At least 800 of the scrolls were recovered in 1752, part of a larger library that is the only one to survive from ancient times. But their contents have long been a mystery. The scrolls are, in many cases, blackened rolls of papyrus that papyrologists have resisted even trying to unravel, lest their writings be lost forever. 

On Monday, however, scientists said that they had made what potentially could be a massive breakthrough, a way of unlocking the scrolls not by unraveling but through the presence of lead in their ink. Scientists had already been studying the scrolls with X-ray machines, which may now be used to look specifically for lead. 

It was previously thought that Greco-Roman inks did not contain any metals. 
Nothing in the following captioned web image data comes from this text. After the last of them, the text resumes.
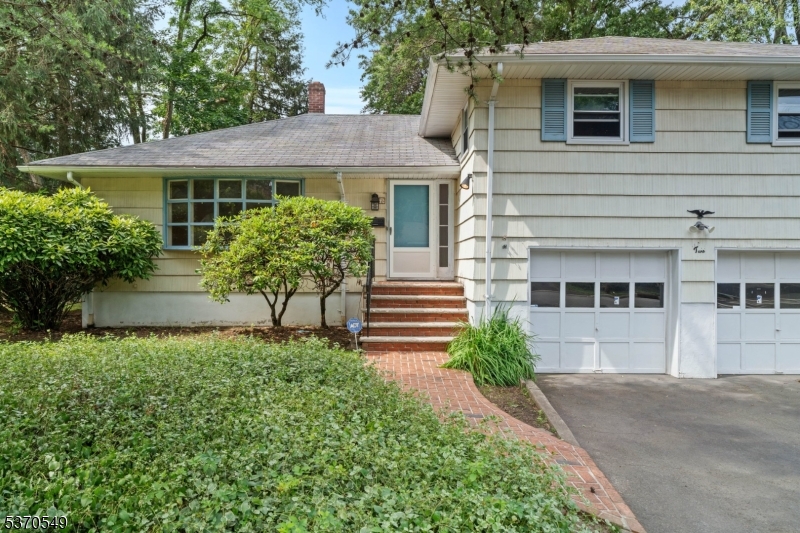 2 Churchill Rd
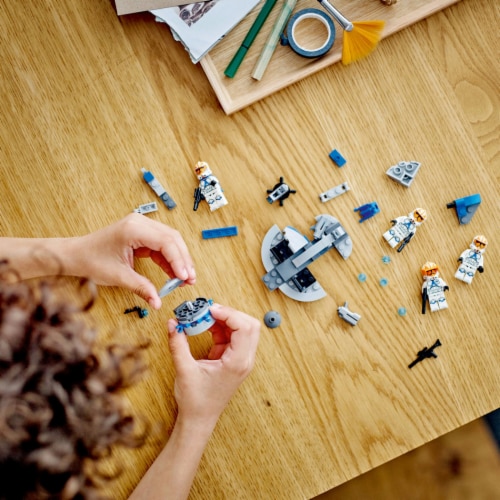 LEGO® Star Wars™ 332nd Ahsoka's Clone Trooper Battle Pack Building Set 75359 Perspective: right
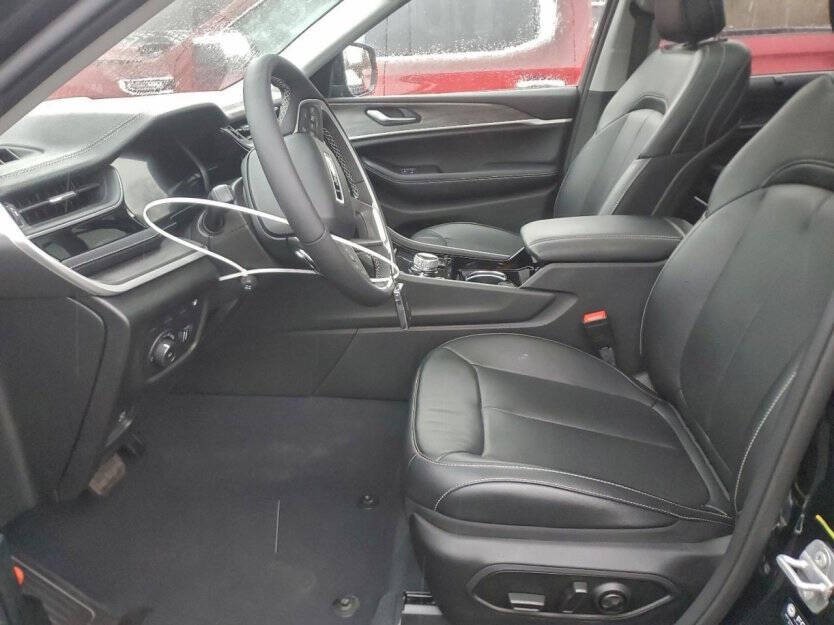 2023 Jeep Grand Cherokee Image 5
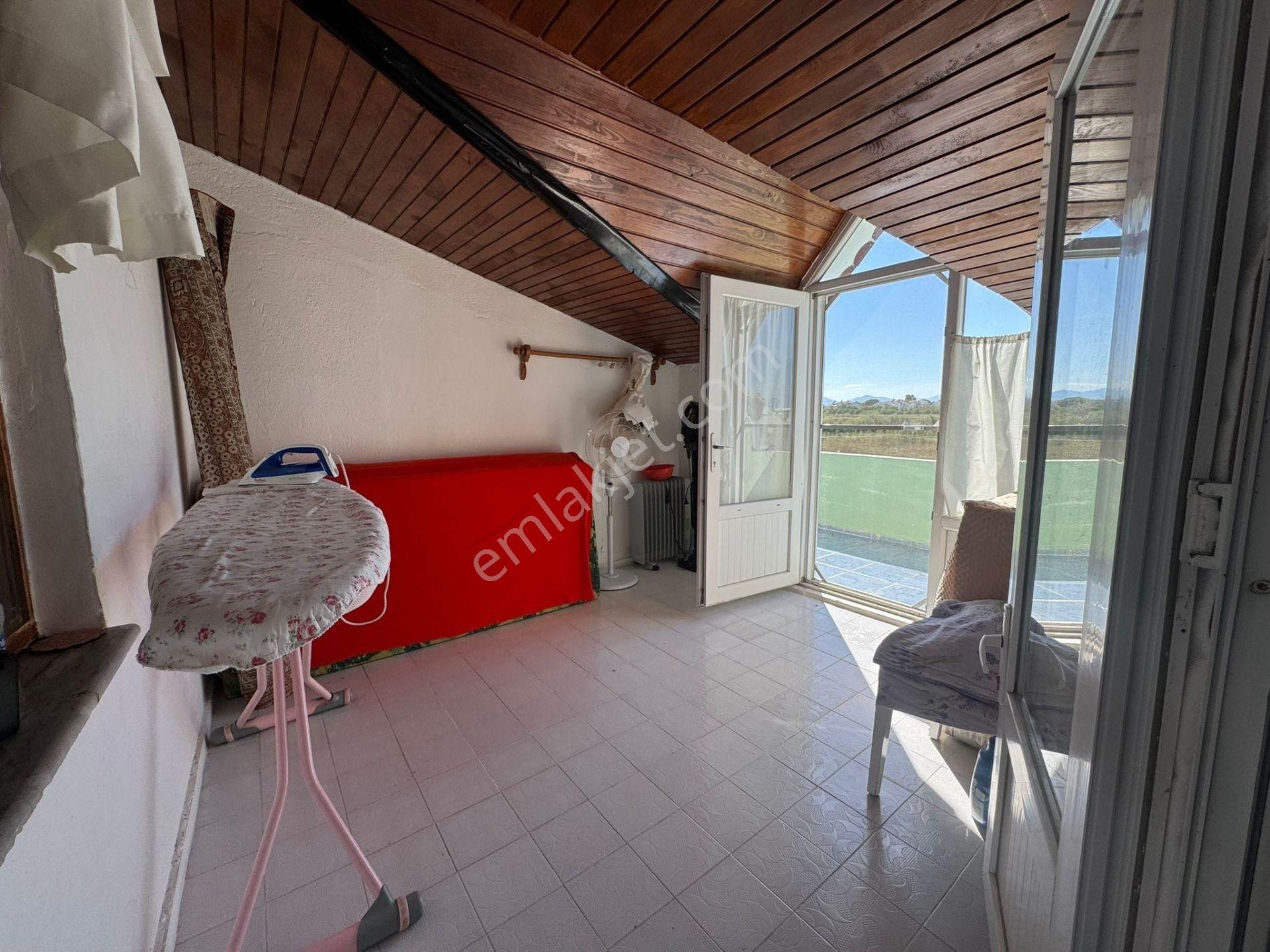 Ayvalık Altınova’da Deniz Manzaralı Müstakil Bahçeli 4+1 Tripleks Villa - Görsel 27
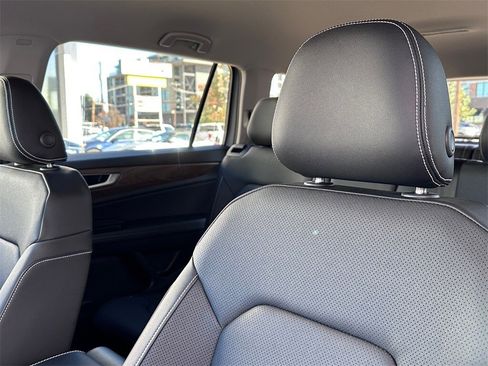 New 2026 Volkswagen Atlas SE image 12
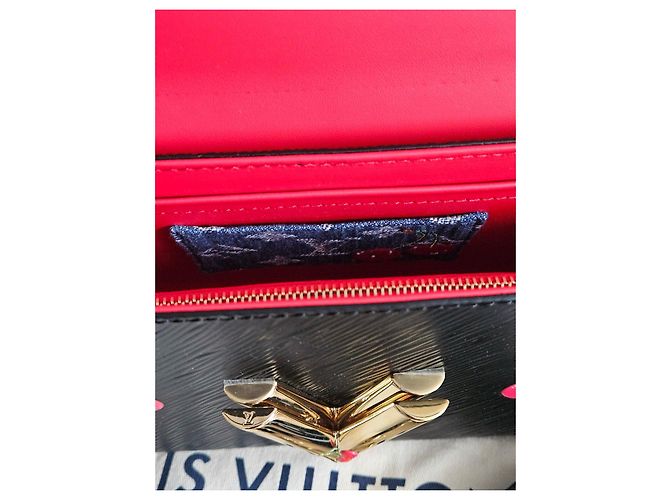 Louis Vuitton x murakami Epi Leather black Cherry Twist MM Bag Nero - vista 14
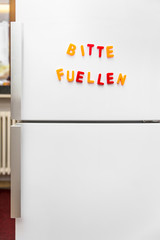 K&uuml;hlschrank mit Magnet Buchstaben, Text Bitte F&uuml;llen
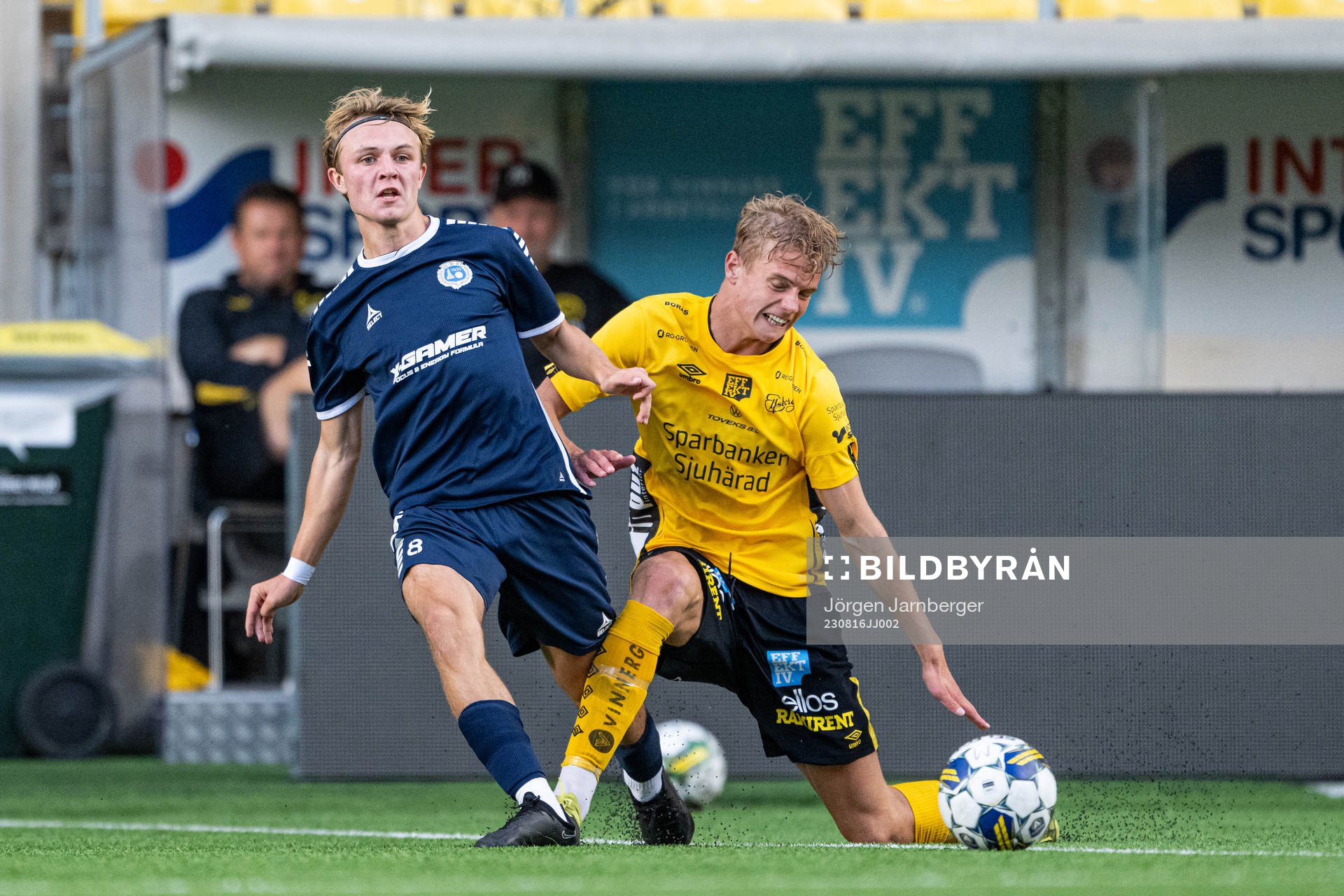 Utsiktens Hannes Landén och Elfsborgs Karl Ivarsson Persson under fotbollsmatchen i U17 Allsvenskan södra mellan Elfsborg och Utsikten den 16 augusti 2023 i Borås. 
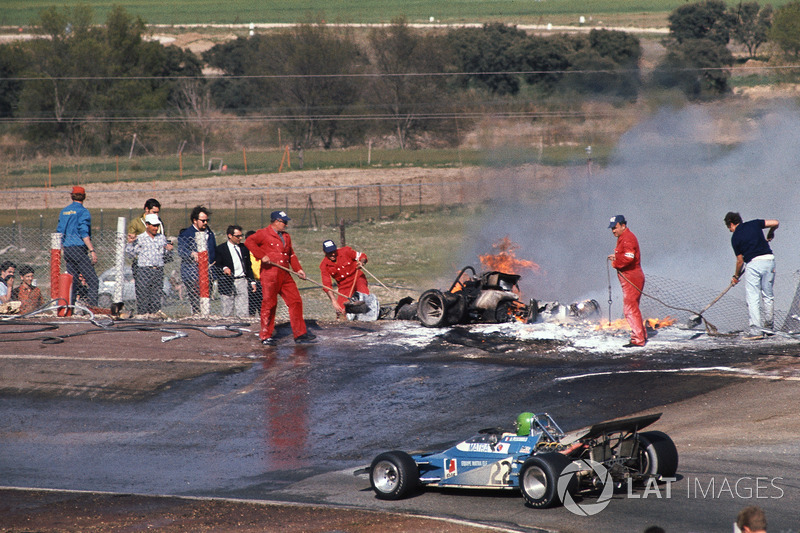 Henri Pescarolo, Matra-Simca MS120, Jacky Ickx ve Jackie Oliver'ın yanın aracının yanından geçiyor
“This really opens up the possibility of being able to read these scrolls,” Graham Davis, a reader in 3D X-ray imaging at Queen Mary University of London, tells The New Scientist. “If this is typical of this scroll or other scrolls, than that is very good news.”

What could the scrolls contain? Hundreds of other legible scrolls from the same library have mostly been Greek philosophical writings, including parts of On Nature, the magnum opus of the Greek philosopher Epicurus. A complete version of that work has never been found.